[[ Entries supplied open ]]

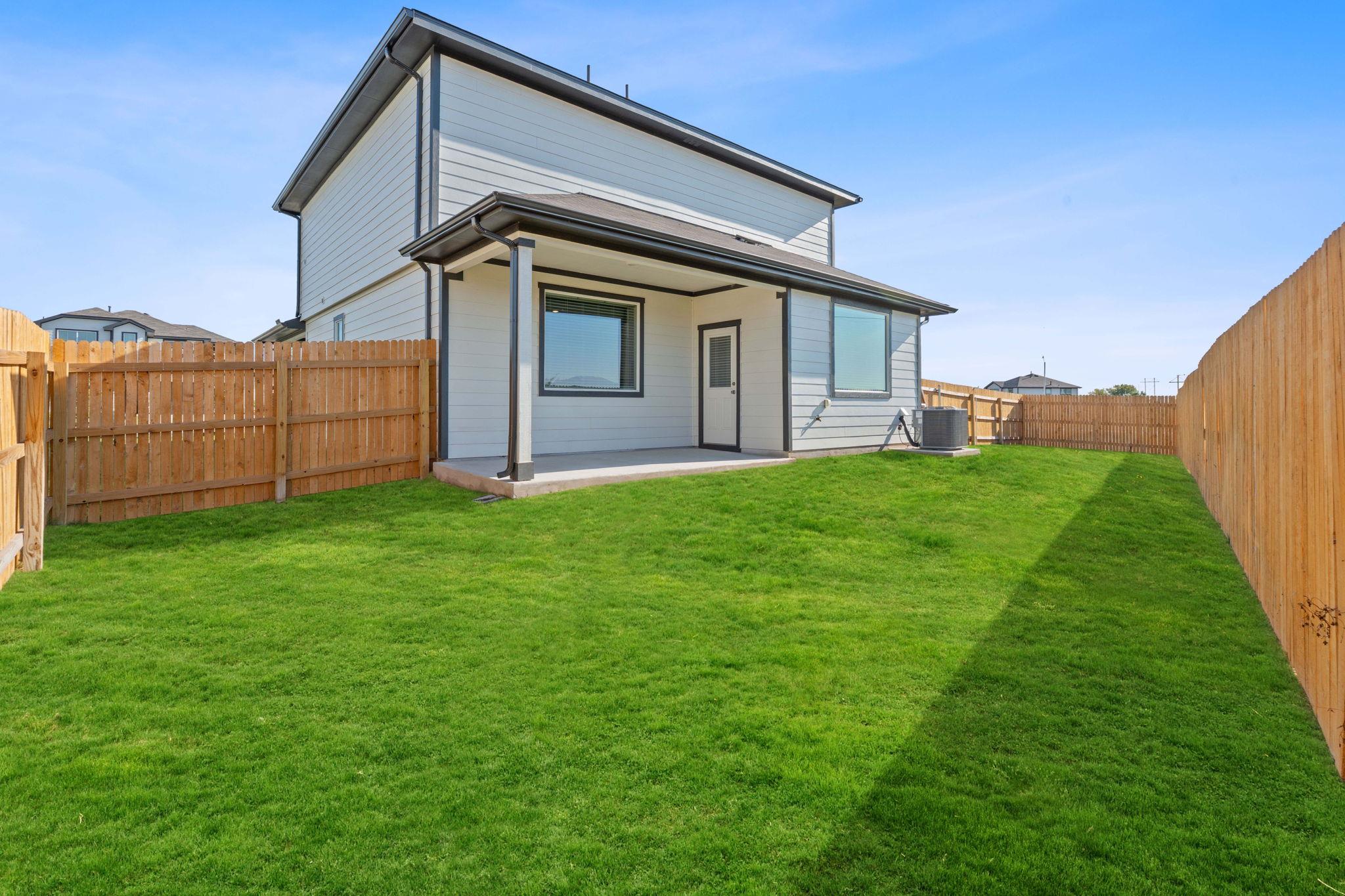 142 Palo Pinto Dr, Kyle, TX 78640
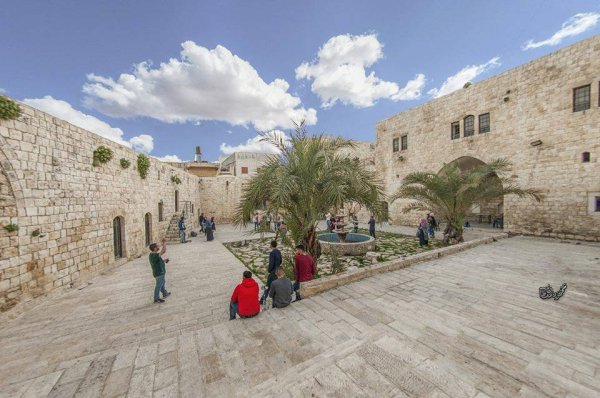 | موسوعة القرى الفلسطينية  | موسوعة القرى الفلسطينية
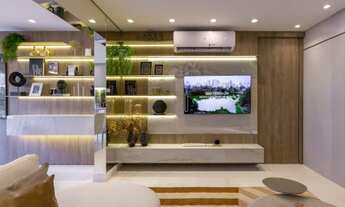 Imagem 7: Apartamento com 2 Quartos e 2 banheiros à Venda, 76 m² por R$ 939.190,28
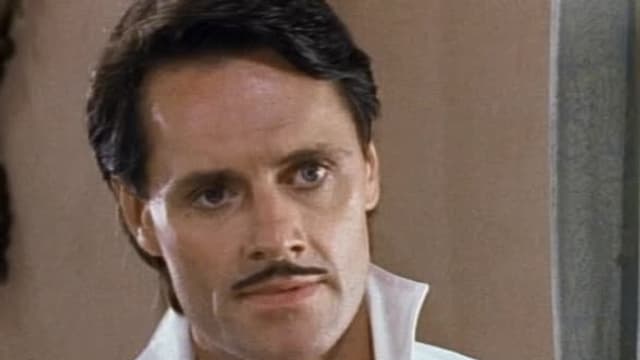 S01:E05 - The Best Man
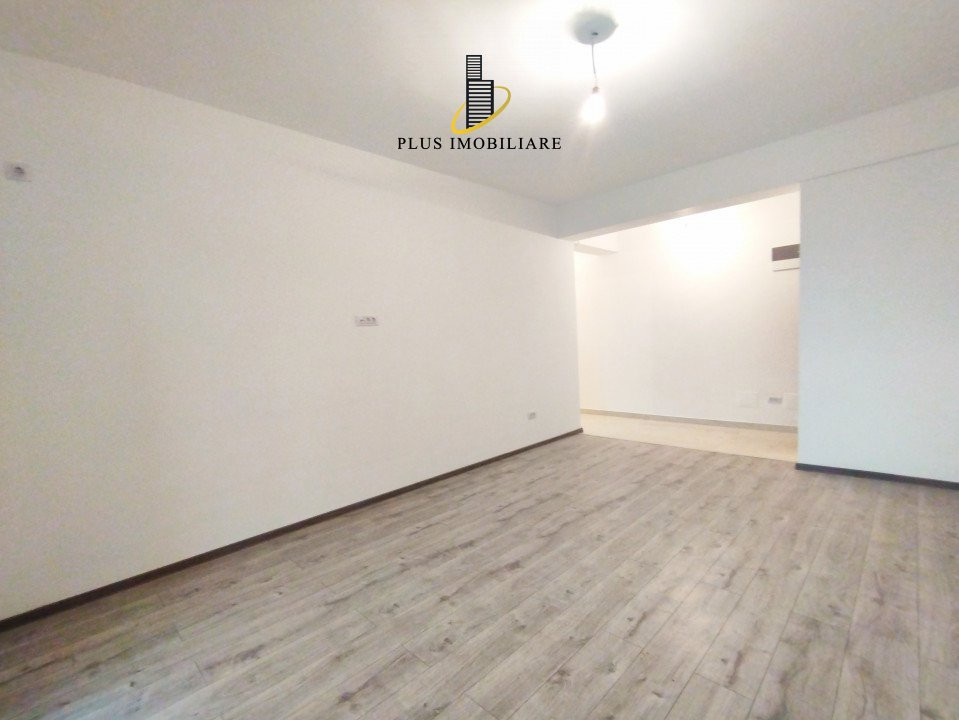 Apartament 2 camere, et.1,  Decomandat, incalzire in pardoseala. FINALIZAT!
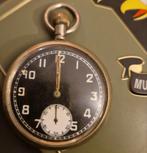 Military issued pocketwatch, Ophalen of Verzenden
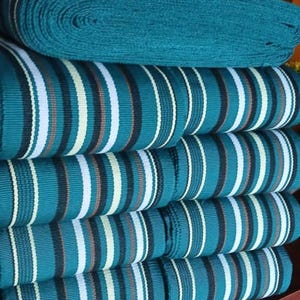 Aso Oke by bundle - 18 metres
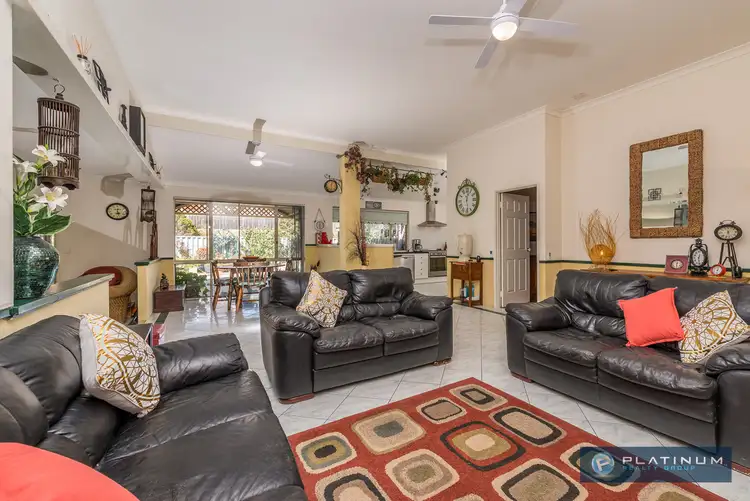 Sixth view of Homely house listing, 2 Bay Meadow Heights, Connolly WA 6027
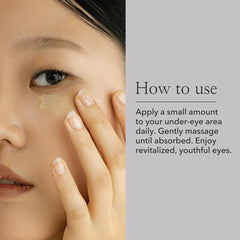 Beauty Of Joseon Revive Eye Serum: Ginseng + Retinal 30ml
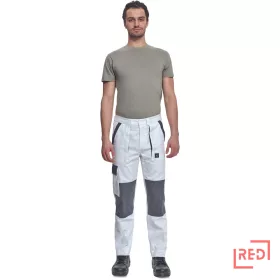 MAX NEO nadrág fehér 68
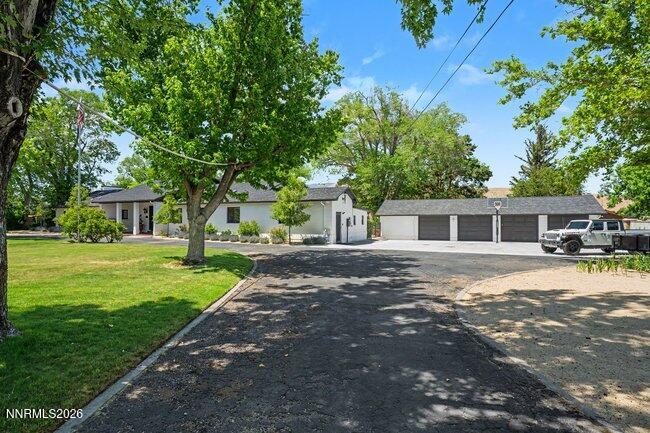 4755 Canyon Drive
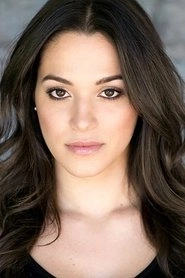 Ảnh diễn viên Stephanie Arcila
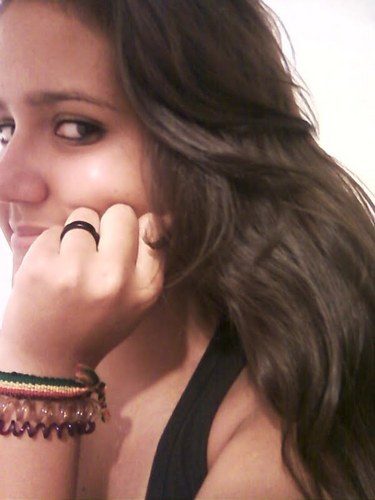 Boaaa Perguntaa...! Também queeria sabeer. *---*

[[ Entries supplied closed ]]

- _Your task_: Everything from the line containing "Beauty Of Joseon" through the last line of the records above is to be reproduced exactly, except the pictures.

- _Task result_:
 Beauty Of Joseon Revive Eye Serum: Ginseng + Retinal 30ml
 MAX NEO nadrág fehér 68
 4755 Canyon Drive
 Ảnh diễn viên Stephanie Arcila
 Boaaa Perguntaa...! Também queeria sabeer. *---*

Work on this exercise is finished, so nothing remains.